I just wanted to add a bit to Paul's post about the new state unemployment numbers out today. I had to cover the story for MPR today, and I was interested in the response state economist Tom Stinson had to the latest news. He's not so concerned about the unemployment rate going up-- it's a funky number that takes into account people who are looking for a job for all sorts of reasons-- not necessarily because they were just laid off. Stinson focuses much more on the actual number of jobs shed. Normally, he says, Minnesota adds 40,000 jobs a year. We just LOST lost half as many jobs in March. Stinsons's assessment: this is bad news.
Another interesting point came from Dan McElroy, the Commissioner of the Minnesota Department of Employment and Economic Development or DEED. McElroy mentioned how some economists are expecting construction (which just lost 3700 jobs last month) to be one of the first industries to come back. The reason? McElroy says, "We may have overadjusted to the bubble." Demand might start outstripping supply, and once the inventory of homes subsides, builders are going to have to whomp up some new houses.

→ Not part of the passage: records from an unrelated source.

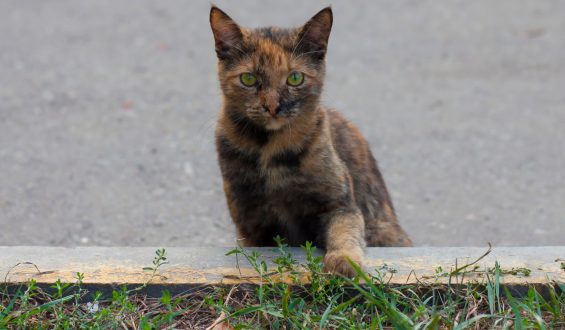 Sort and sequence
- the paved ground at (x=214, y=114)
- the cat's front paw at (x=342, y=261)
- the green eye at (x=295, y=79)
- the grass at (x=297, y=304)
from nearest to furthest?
the grass at (x=297, y=304)
the cat's front paw at (x=342, y=261)
the green eye at (x=295, y=79)
the paved ground at (x=214, y=114)

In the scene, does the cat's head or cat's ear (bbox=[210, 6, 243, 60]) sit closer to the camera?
the cat's head

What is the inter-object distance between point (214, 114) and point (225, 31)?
2.88 metres

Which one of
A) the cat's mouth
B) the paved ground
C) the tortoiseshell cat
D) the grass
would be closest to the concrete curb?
the grass

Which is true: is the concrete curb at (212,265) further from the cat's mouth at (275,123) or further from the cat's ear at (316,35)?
the cat's ear at (316,35)

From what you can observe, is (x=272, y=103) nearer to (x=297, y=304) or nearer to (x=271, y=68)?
(x=271, y=68)

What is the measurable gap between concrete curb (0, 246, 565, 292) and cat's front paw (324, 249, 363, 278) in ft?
0.22

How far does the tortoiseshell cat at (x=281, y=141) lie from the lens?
3.28 metres

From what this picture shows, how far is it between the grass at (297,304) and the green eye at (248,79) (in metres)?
0.67

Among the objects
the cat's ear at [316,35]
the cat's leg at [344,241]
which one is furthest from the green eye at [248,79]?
the cat's leg at [344,241]

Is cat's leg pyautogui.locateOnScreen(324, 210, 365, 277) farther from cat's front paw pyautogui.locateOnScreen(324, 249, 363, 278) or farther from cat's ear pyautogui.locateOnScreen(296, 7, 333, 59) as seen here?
cat's ear pyautogui.locateOnScreen(296, 7, 333, 59)

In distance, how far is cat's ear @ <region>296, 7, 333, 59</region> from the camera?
133 inches

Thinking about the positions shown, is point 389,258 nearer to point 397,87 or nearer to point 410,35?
point 397,87

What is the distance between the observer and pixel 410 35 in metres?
7.91

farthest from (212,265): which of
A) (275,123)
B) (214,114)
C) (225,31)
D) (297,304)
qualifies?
(214,114) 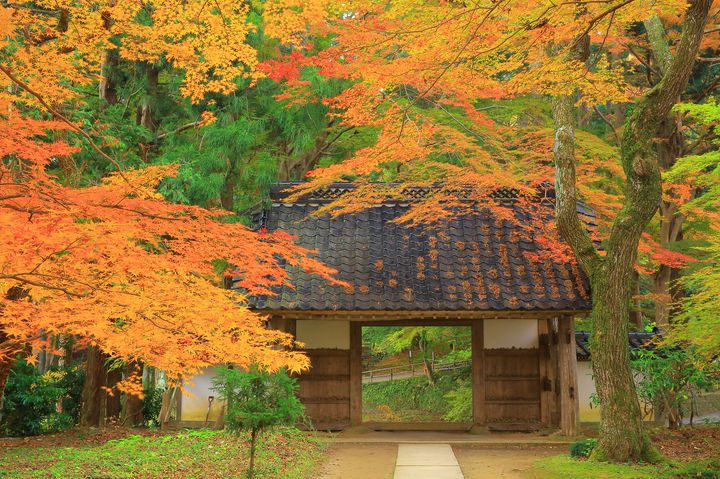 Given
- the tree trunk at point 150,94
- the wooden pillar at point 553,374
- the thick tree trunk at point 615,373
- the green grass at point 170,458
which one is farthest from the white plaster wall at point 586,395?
the tree trunk at point 150,94

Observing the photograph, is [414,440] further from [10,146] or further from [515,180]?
[10,146]

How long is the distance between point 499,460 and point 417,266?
4030 millimetres

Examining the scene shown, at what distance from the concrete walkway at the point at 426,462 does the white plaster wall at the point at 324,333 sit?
100 inches

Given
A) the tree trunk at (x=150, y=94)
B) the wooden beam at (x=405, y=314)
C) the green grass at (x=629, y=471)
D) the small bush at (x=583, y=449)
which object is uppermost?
the tree trunk at (x=150, y=94)

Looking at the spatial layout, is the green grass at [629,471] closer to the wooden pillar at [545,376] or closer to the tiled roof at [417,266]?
the tiled roof at [417,266]

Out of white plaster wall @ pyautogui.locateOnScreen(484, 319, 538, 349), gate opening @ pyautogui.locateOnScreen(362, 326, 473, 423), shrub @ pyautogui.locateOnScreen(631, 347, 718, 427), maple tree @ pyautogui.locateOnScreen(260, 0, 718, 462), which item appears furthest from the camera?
gate opening @ pyautogui.locateOnScreen(362, 326, 473, 423)

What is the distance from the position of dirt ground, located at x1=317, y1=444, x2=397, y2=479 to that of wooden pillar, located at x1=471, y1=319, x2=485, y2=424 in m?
2.13

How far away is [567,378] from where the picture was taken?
12.2m

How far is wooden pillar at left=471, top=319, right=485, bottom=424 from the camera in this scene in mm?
13023

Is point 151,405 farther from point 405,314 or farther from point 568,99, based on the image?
point 568,99

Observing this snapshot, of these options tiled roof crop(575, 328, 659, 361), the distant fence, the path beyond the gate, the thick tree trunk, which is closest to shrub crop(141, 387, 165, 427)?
the path beyond the gate

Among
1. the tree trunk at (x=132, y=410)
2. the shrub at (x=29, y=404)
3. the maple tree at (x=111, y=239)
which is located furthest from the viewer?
the tree trunk at (x=132, y=410)

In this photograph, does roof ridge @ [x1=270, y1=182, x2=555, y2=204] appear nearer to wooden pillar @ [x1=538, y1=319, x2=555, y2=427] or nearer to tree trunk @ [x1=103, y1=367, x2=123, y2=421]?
wooden pillar @ [x1=538, y1=319, x2=555, y2=427]

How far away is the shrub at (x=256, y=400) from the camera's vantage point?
832cm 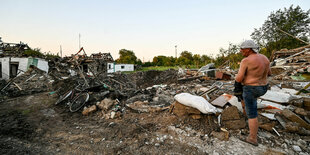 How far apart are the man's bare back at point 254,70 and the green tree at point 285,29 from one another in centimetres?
2051

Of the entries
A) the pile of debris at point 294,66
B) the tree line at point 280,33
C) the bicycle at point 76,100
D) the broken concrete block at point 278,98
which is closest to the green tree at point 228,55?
the tree line at point 280,33

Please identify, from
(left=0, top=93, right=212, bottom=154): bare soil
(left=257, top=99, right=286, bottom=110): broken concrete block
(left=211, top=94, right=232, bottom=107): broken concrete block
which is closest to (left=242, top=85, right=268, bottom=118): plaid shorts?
(left=0, top=93, right=212, bottom=154): bare soil

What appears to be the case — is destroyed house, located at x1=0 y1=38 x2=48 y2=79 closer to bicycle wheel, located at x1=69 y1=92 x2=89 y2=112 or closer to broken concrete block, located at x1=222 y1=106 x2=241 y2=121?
bicycle wheel, located at x1=69 y1=92 x2=89 y2=112

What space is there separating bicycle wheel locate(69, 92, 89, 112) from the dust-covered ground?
28.9 inches

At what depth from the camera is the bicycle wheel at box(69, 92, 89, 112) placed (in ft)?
15.0

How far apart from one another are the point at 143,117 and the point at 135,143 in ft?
3.70

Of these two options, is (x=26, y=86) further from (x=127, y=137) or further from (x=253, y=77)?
(x=253, y=77)

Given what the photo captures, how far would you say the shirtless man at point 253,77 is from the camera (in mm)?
1823

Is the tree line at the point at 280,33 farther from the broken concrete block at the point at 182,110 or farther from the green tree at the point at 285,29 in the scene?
the broken concrete block at the point at 182,110

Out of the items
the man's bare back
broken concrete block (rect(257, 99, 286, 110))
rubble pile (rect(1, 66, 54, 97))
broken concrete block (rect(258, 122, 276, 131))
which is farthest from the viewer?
rubble pile (rect(1, 66, 54, 97))

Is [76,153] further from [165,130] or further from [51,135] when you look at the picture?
[165,130]

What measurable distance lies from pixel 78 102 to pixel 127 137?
11.6 ft

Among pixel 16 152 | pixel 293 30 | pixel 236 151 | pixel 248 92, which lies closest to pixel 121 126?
pixel 16 152

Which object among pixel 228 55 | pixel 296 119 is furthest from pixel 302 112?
pixel 228 55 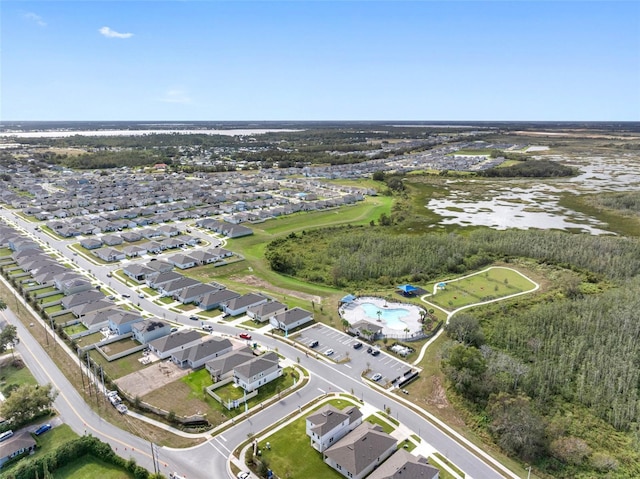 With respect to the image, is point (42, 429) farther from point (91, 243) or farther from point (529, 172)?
point (529, 172)

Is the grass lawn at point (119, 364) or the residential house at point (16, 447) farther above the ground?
the residential house at point (16, 447)

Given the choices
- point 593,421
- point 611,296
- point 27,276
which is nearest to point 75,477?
point 593,421

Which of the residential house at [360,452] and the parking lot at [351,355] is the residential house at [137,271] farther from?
the residential house at [360,452]

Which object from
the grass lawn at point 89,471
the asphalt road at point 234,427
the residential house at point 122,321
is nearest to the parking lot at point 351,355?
the asphalt road at point 234,427

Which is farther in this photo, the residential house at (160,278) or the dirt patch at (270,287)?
the residential house at (160,278)

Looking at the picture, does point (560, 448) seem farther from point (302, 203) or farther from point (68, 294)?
point (302, 203)

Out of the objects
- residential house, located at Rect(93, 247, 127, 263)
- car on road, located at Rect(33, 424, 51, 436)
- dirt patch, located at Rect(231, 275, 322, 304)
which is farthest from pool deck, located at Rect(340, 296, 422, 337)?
residential house, located at Rect(93, 247, 127, 263)

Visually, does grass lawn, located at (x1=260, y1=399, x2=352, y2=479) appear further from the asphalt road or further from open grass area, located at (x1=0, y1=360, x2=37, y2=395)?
open grass area, located at (x1=0, y1=360, x2=37, y2=395) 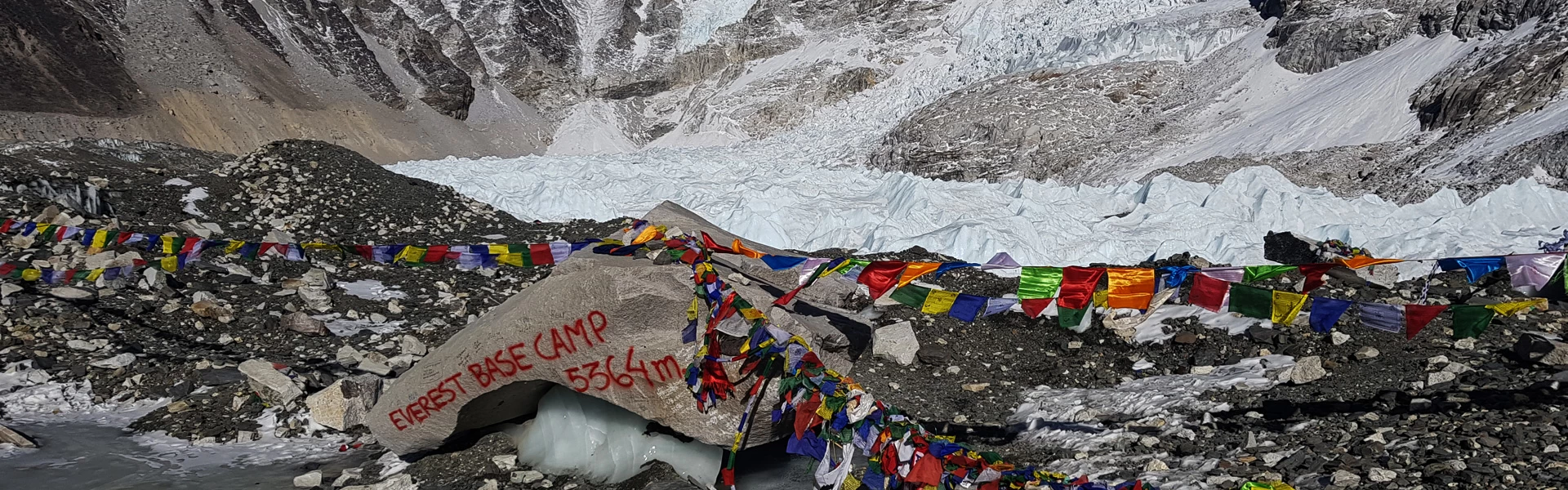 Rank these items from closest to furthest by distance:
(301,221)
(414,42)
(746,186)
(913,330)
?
(913,330) → (301,221) → (746,186) → (414,42)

On a more personal note today... I interviewed a few people for my story today and really had a poignant reminder of what this economy is like today. Paulette Odette started crying on the phone when she told me about losing her job of 15 years. It was heartbreaking. And Patrick Dentinger is selling off all his possessions-- he's been out of work for a year. These stories put the recession in such sharp focus for me.